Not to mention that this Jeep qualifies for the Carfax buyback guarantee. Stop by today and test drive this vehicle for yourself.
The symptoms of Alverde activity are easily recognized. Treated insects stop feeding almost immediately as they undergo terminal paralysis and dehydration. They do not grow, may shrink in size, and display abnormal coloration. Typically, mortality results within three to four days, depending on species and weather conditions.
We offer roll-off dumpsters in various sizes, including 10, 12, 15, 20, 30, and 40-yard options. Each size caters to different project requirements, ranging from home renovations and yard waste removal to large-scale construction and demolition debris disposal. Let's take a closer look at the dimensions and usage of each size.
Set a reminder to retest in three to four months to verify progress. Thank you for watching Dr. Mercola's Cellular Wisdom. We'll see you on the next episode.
...
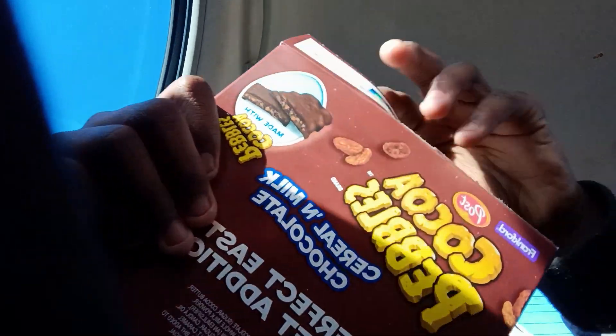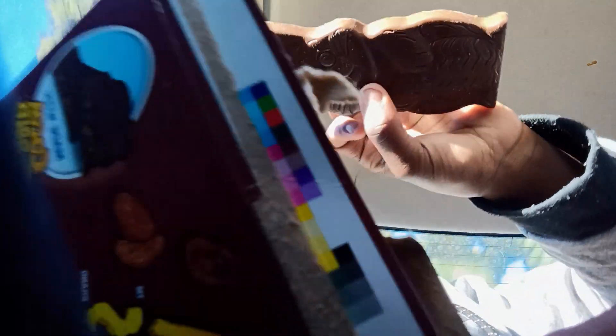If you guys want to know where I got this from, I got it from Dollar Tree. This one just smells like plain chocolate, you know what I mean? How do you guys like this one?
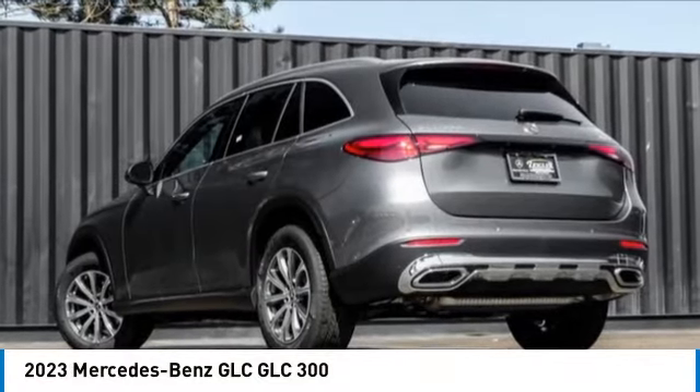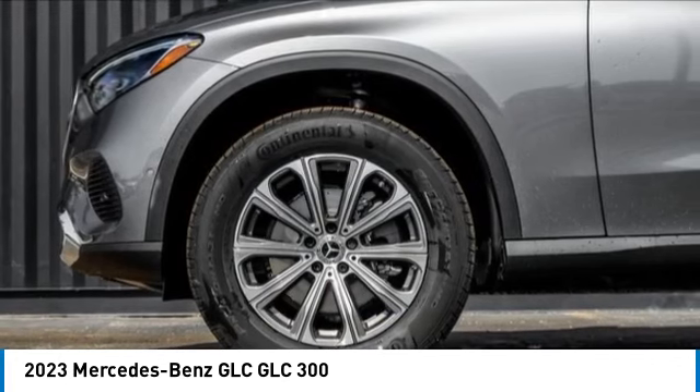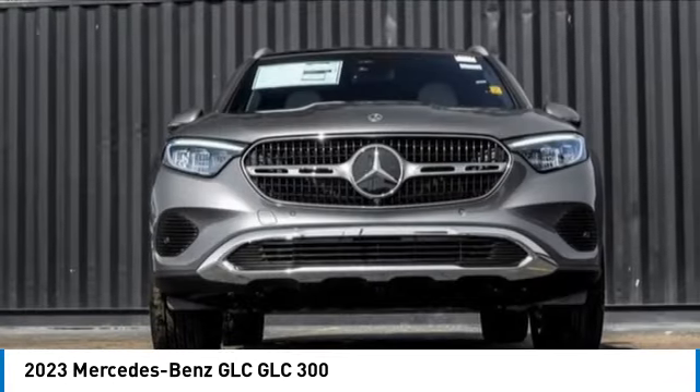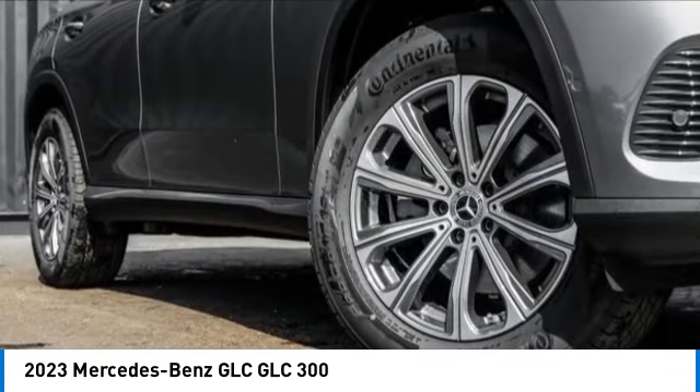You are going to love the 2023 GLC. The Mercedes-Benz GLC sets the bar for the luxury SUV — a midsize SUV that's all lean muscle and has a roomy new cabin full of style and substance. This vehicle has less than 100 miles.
---
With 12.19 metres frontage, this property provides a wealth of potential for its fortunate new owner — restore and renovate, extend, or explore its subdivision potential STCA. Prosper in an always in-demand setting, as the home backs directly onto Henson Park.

**What you will do**
Which lines run from the one holding "The symptoms of" through the one holding "Set a reminder" in the records above? Repeat them exactly, both included, and nothing more.

**Task response**
The symptoms of Alverde activity are easily recognized. Treated insects stop feeding almost immediately as they undergo terminal paralysis and dehydration. They do not grow, may shrink in size, and display abnormal coloration. Typically, mortality results within three to four days, depending on species and weather conditions.
We offer roll-off dumpsters in various sizes, including 10, 12, 15, 20, 30, and 40-yard options. Each size caters to different project requirements, ranging from home renovations and yard waste removal to large-scale construction and demolition debris disposal. Let's take a closer look at the dimensions and usage of each size.
Set a reminder to retest in three to four months to verify progress. Thank you for watching Dr. Mercola's Cellular Wisdom. We'll see you on the next episode.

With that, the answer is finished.